Robert has two adult children, two young grandchildren and a wife of over fifty years. He is devoted to all of them. He is also very fond of Rosalind Franklin (his office companion corgi), and his homebound cat Muninn. He just likes people, their pets and their stories.

Elizabeth N.R. Friman

Attorney

Elizabeth Noble Rollings Friman is a principal and licensed fiduciary at Fleming & Curti, PLC. Elizabeth enjoys estate planning and helping families navigate trust and probate administrations. She is passionate about the fiduciary work that she performs as a trustee, personal representative, guardian, and conservator. Elizabeth works with CPAs, financial professionals, case managers, and medical providers to tailor solutions to complex family challenges.
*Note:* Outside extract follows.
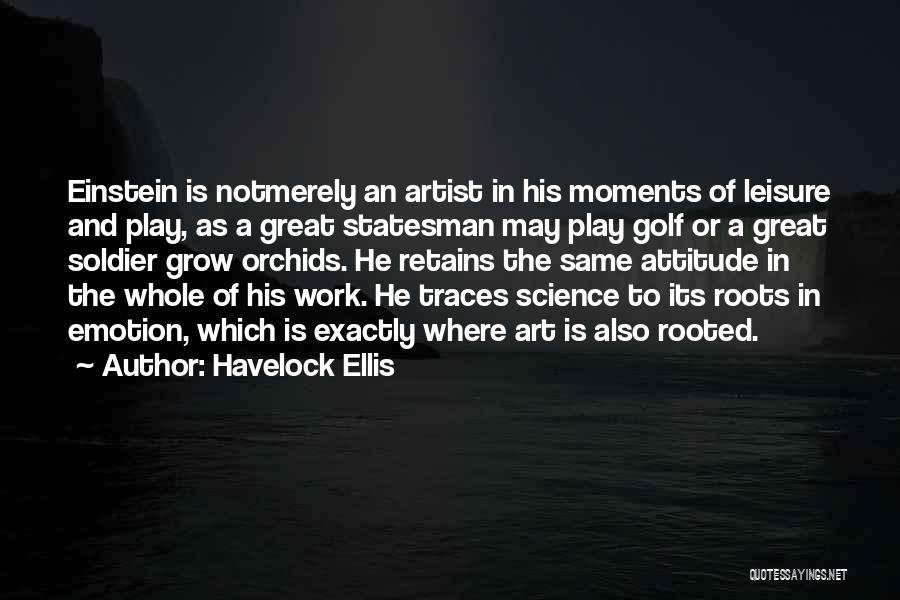 Havelock Ellis Quotes: Einstein Is Notmerely An Artist In His Moments Of Leisure And Play, As A Great Statesman May Play Golf Or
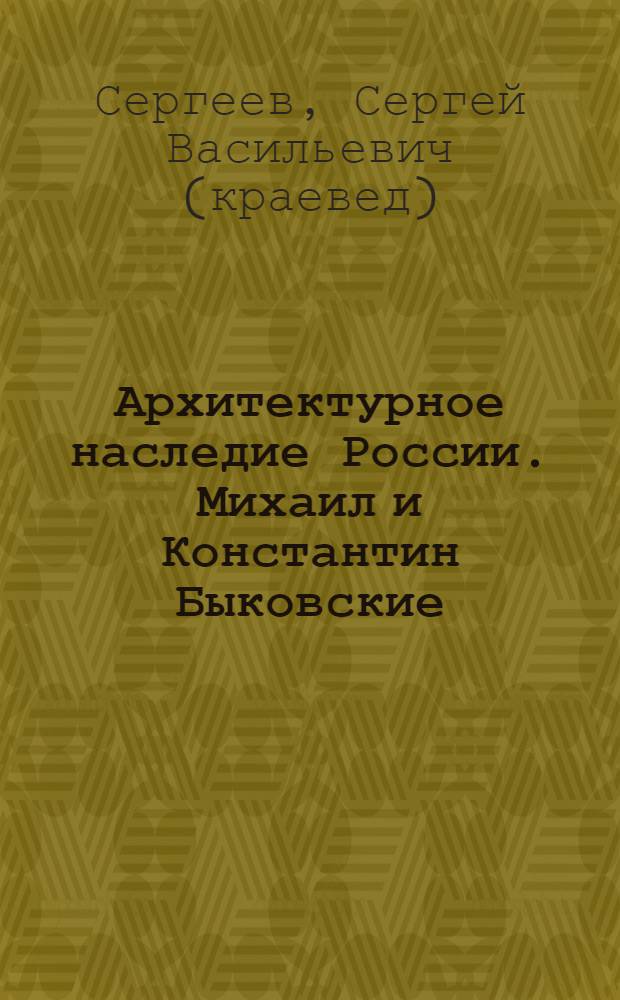 Архитектурное наследие России. Михаил и Константин Быковские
Elizabeth is often called upon to serve as a neutral party so that families can avoid protracted legal conflict. Elizabeth relies on the expertise of her team at Fleming & Curti, and as the Firm approaches its third decade, she is proud of the culture of care and consideration that the Firm embodies. Finding workable solutions to sensitive and complex family challenges is something that Elizabeth and the Fleming & Curti team do well.

Amy F. Matheson

Attorney

Amy Farrell Matheson has worked as an attorney at Fleming & Curti since 2006. A member of the Southern Arizona Estate Planning Council, she is primarily responsible for estate planning and probate matters.

Amy graduated from Wellesley College with a double major in political science and English. She is an honors graduate of Suffolk University Law School and has been admitted to practice in Arizona, Massachusetts, New York, and the District of Columbia.

Prior to joining Fleming & Curti, Amy worked for American Public Television in Boston, and with the international trade group at White & Case, LLP, in Washington, D.C.

Amy’s husband, Tom, is an astronomer at NOIRLab and the Head of Time Domain Services, whose main project is ANTARES. Sadly, this does not involve actual time travel. Amy’s twin daughters are high school students; Finn, her Irish Red and White Setter, remains a puppy at heart.

Famous people's wills

Matthew M. Mansour

Attorney

Matthew is a law clerk who recently earned his law degree from the University of Arizona James E. Rogers College of Law. His undergraduate degree is in psychology from the University of California, Santa Barbara. Matthew has had a passion for advocacy in the Tucson community since his time as a law student representative in the Workers’ Rights Clinic. He also has worked in both the Pima County Attorney’s Office and the Pima County Public Defender’s Office. He enjoys playing basketball, caring for his cat, and listening to audiobooks narrated by the authors.